The Gospel According to Drew Barrymore by Pippa Wright
The original child star, Drew Barrymore has gone from the undisputed queen of the rom-com (The Wedding Singer, Never Been Kissed) to the champion of the gal-pal movie (Whip It, Miss You Already), so appropriate that this book is based around friendship, love and growing up. Esther’s best friend from childhood, Laura, has always connected with Drew, believing her life to have been guided by her idol in some way. When Laura goes AWOL from her seemingly happy life in California, Esther is forced to leave her newborn baby to track her down. The reveal isn’t that exciting, but the story does show that it’s easy to take friendships for granted and assume you know someone as well as anyone can after 20 years. Truth be told, I wouldn’t really recommend this one, unless you’re looking for a fluffy, quick read, or if you are a massive Drew fan who’ll appreciate the references.

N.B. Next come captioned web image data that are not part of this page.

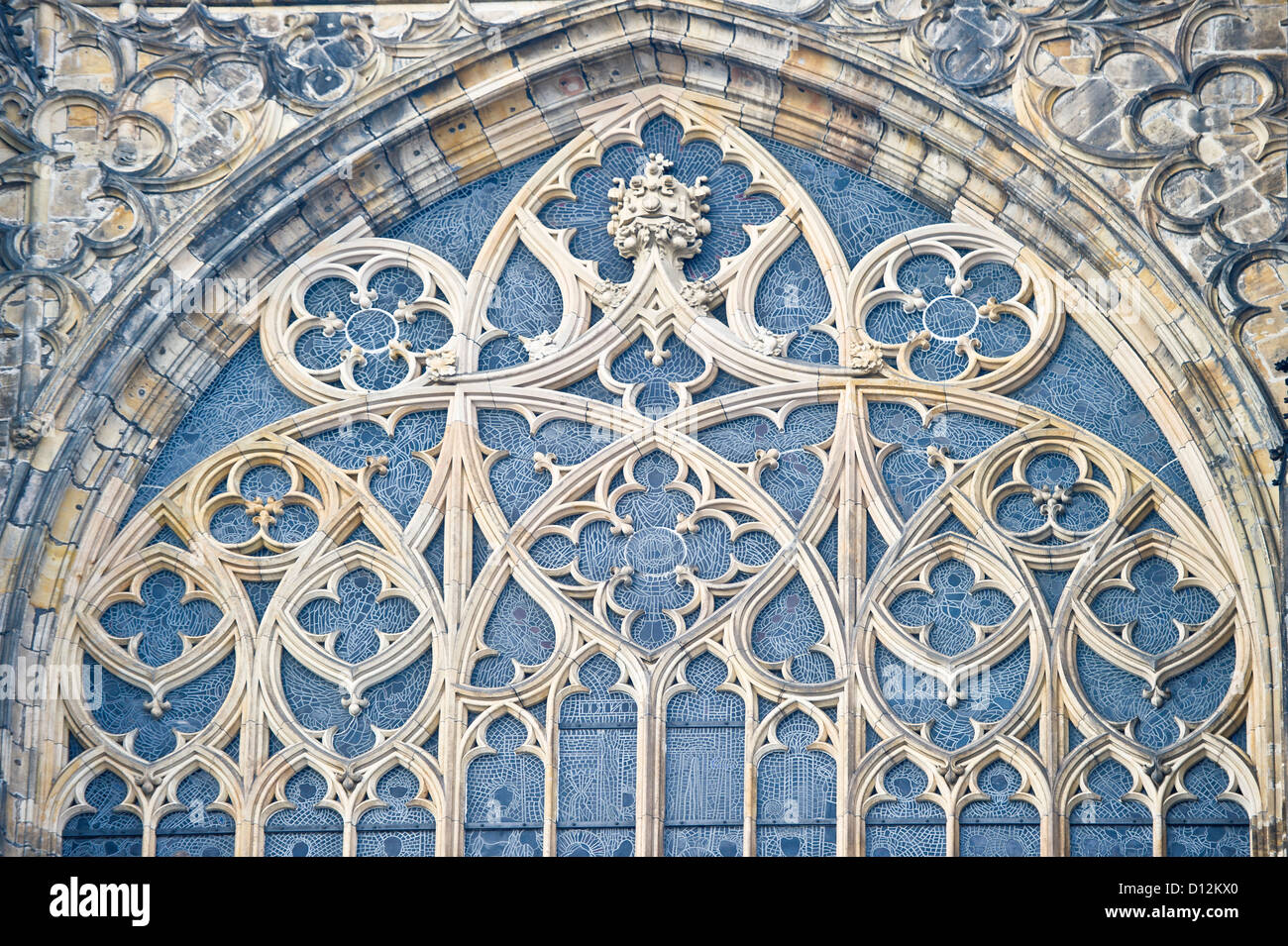 Window of St. Vitus Cathedral, Prague Castle, Prague, Czech Republic. Stock Photo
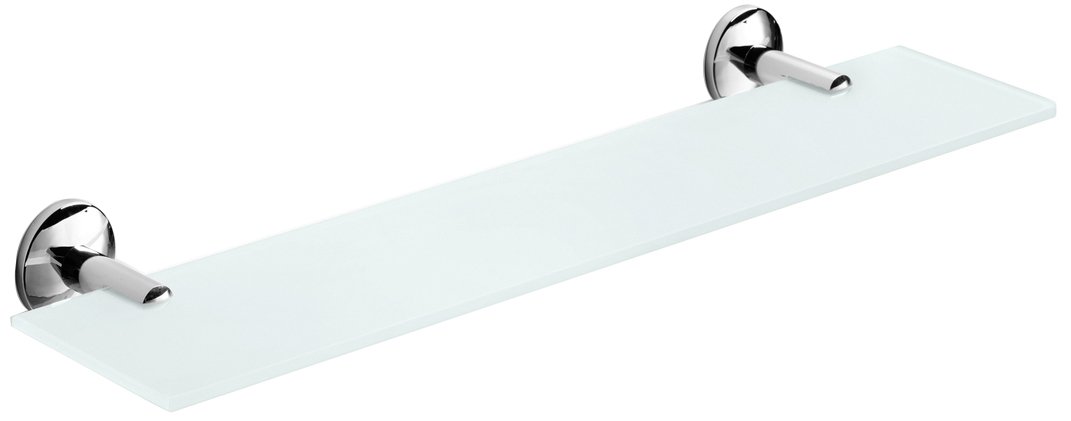 Polished Chrome Frosted Noanta Collection Bathroom Shelf with Safety Glass, 23.3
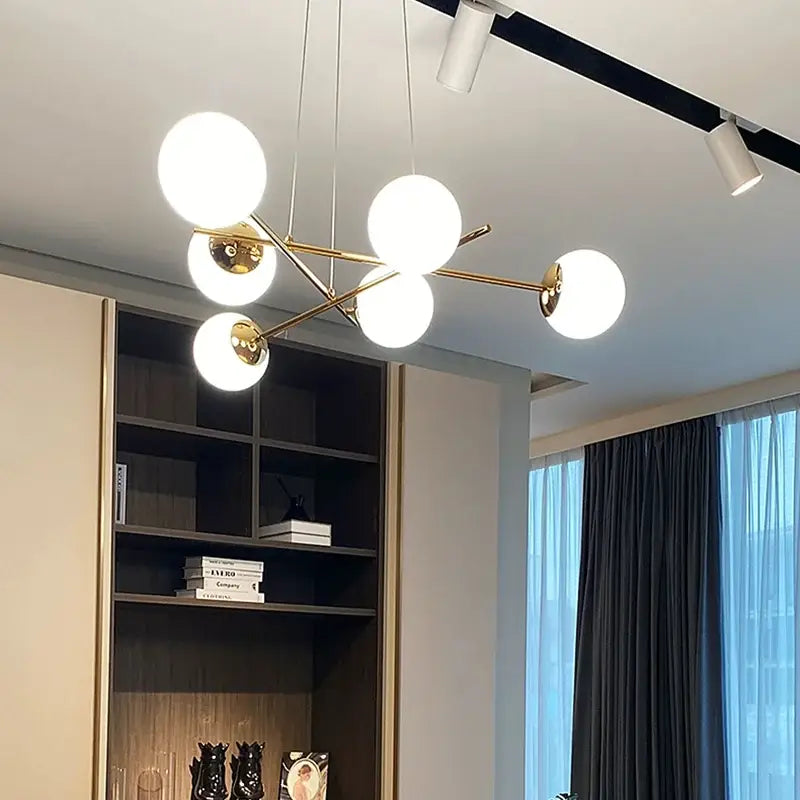 Modern brass french glass ball pendant light dining room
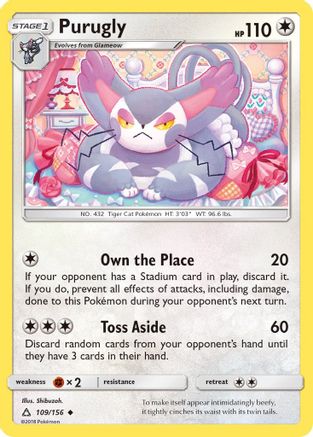 Purugly - 109/156 - Uncommon - Reverse Holo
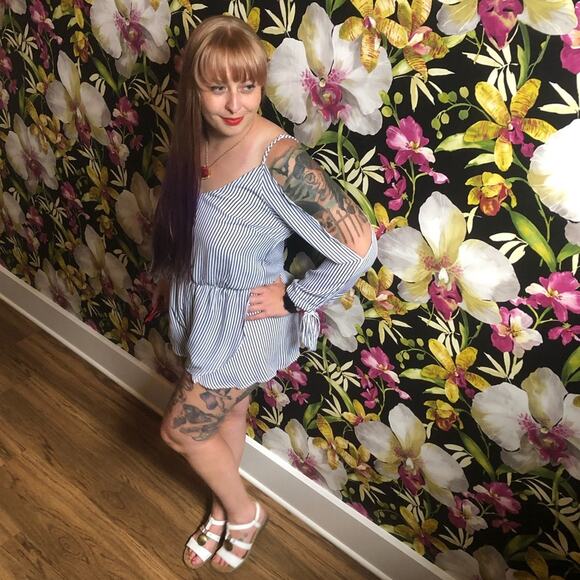 EUC Rebellion Again Black‎ White Striped Romper Large - Picture 9 of 9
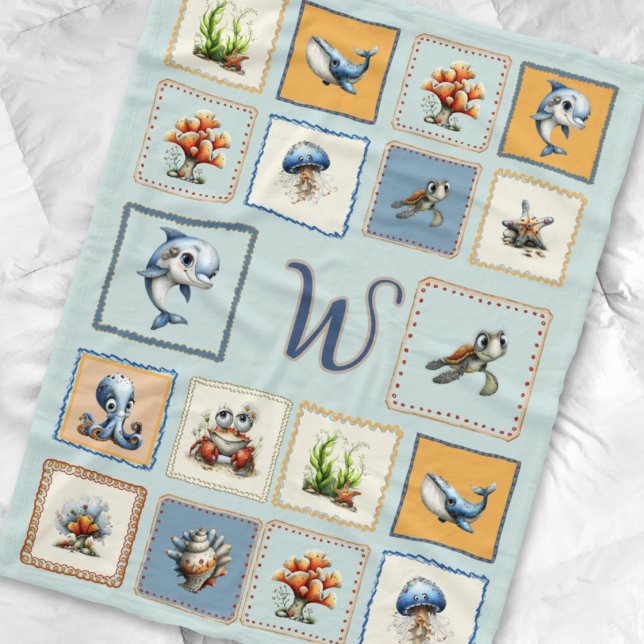 Cute Sea Life Patches Monogram Initial  Fleece Blanket (Creator Uploaded)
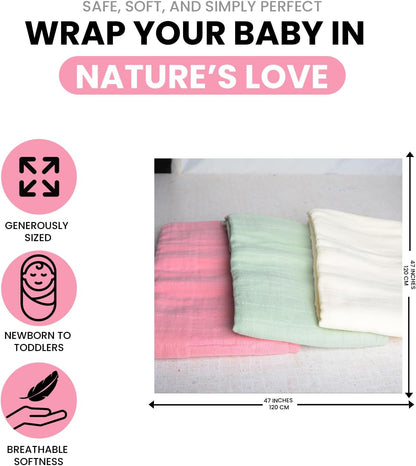 Skiennix Organic Muslin Swaddle Blankets - 100% Cotton, Soft & Breathable Baby Wraps | 3-Pack, 47 x 47 Inches
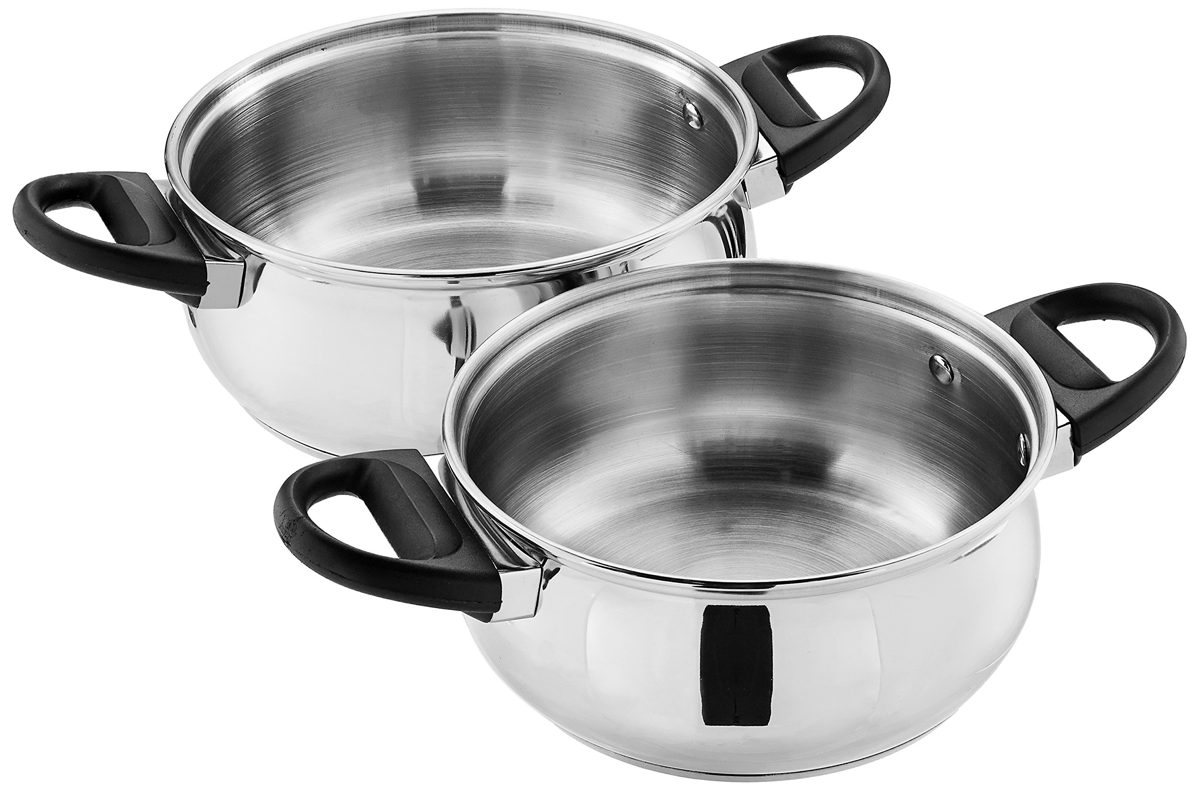 Amazon Brand - Solimo Stainless Steel 2-Piece Casserole with Glass Lids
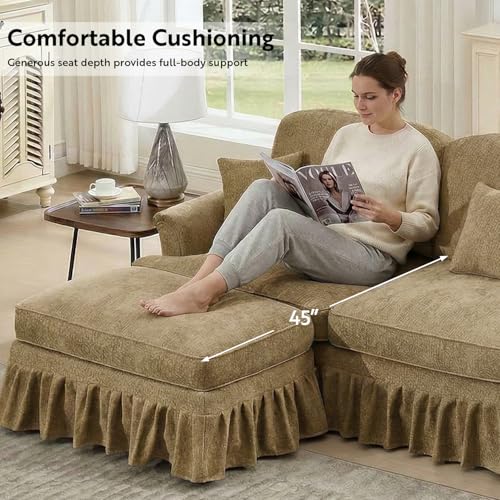 Modular Sectional Sofa Couch, Comfy Chenille Sofa with Removable Ruffled Skirt, Flared Armrests, Sturdy Legs, Convertible Sectional for Living Room, Bedroom, Apartment (Coffee) - color: Coffee, size: 107.1 Inch L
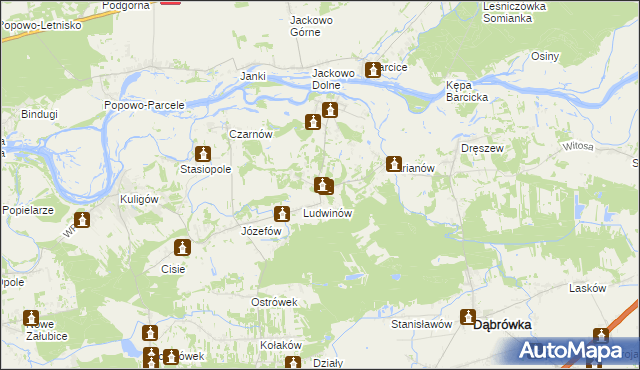 mapa Kowalicha gmina Dąbrówka, Kowalicha gmina Dąbrówka na mapie Targeo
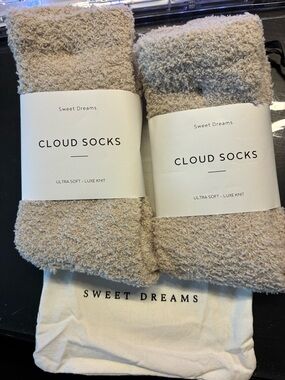 Sweet Dreams Cloud Socks - Beige Ultra-Soft Lounge Socks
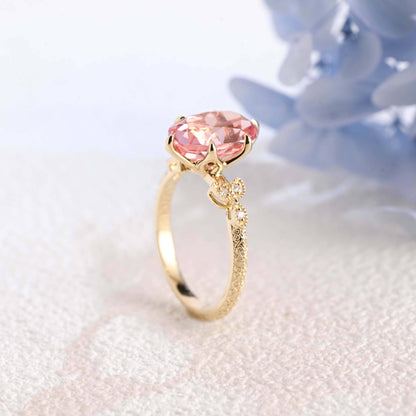 CausYou lab grown sapphire engagement ring Solid Gold Antique Milgrain Lab Grown Pink Sapphire Engagement Ring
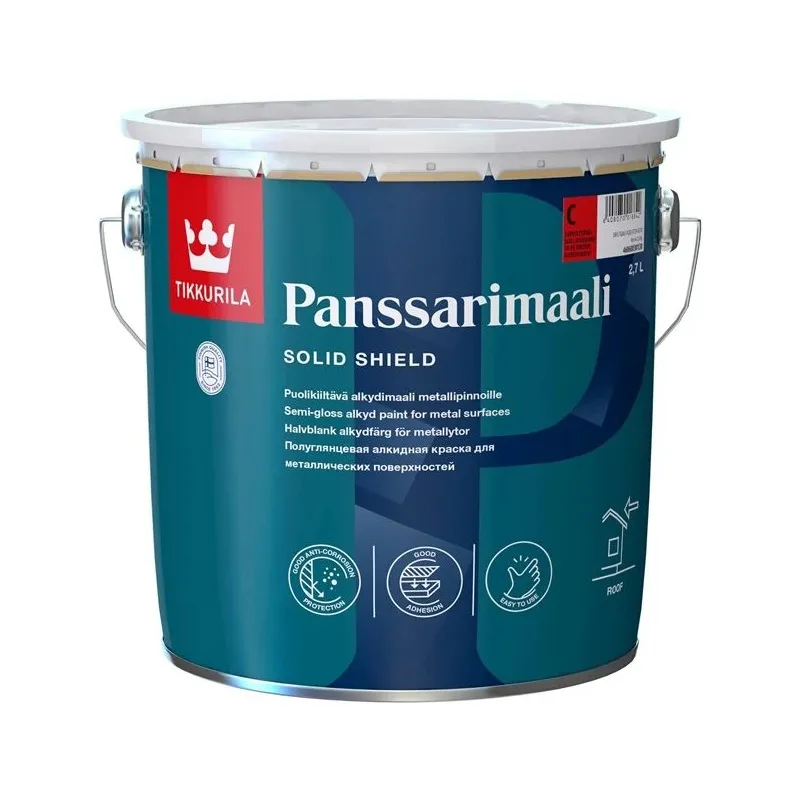 Speciāla krāsa, jumts Tikkurila Panssarimaali, pus-spīdīgs, 2.7 l, bezkrāsaina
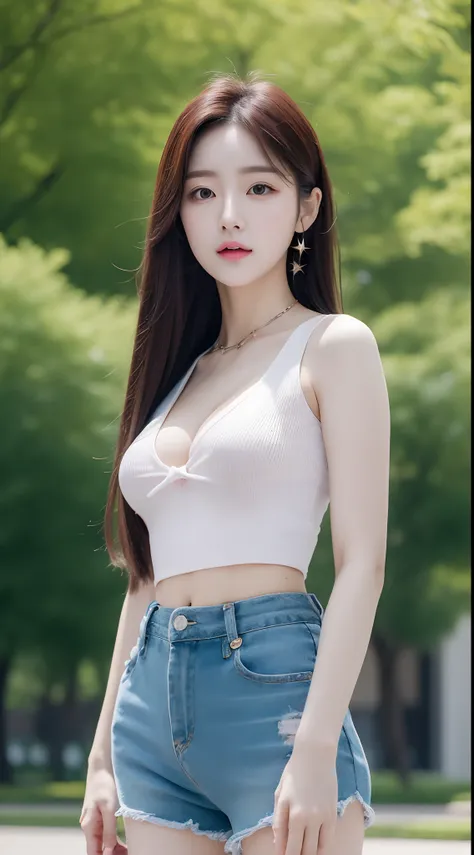 Realistic photos of (1 cute Korean star) straight hair, thin makeup, 32 inch breasts size, wearing waist tie crop top, standing in the park, upper body portrait, UHD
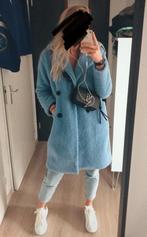 Blauwe teddy jas, Ophalen of Verzenden, Gedragen, Maat 38/40 (M), Blauw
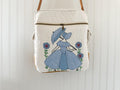 Vintage ladies with umbrellas quilt bag with leather crossbody strap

The Museum of Extraordinary Things by Alice Hoffman
Lastly, this is one I was really looking forward to but found to be so disappointing. Coralie is the web-fingered daughter of a Coney Island freak-show owner. When she comes of age she joins his Museum of Extraordinary Things as a real life mermaid, destined to spend her life in a tank she finds freedom when she swims in the Hudson river at night. Eddie Cohen is a photographer and a loner but skilled at tracking down others. He is employed to find a missing girl which brings him into contact with Coralie and an unlikely relationship blossoms. This novel was utterly ruined by a bizarre structure. One chapter would be narrated by Coralie, the next would be her chapter in third person, then a chapter narrated by Eddie followed by a third person chapter and so on. The first person chapters start as being from childhood, but then catch up with the other chapters at some point… it’s just very confusing and unnecessary. I also found Eddie to be deeply uninteresting and dreaded his two chapters coming up. Coralie was a better character and there were some snippets of Coney Island history which had the potential to be interesting, but overall, I would avoid this one unfortunately.
Hmm seems like missing women is a bit of a theme in my recent reads! What have you been reading recently? Please leave me some recommendations.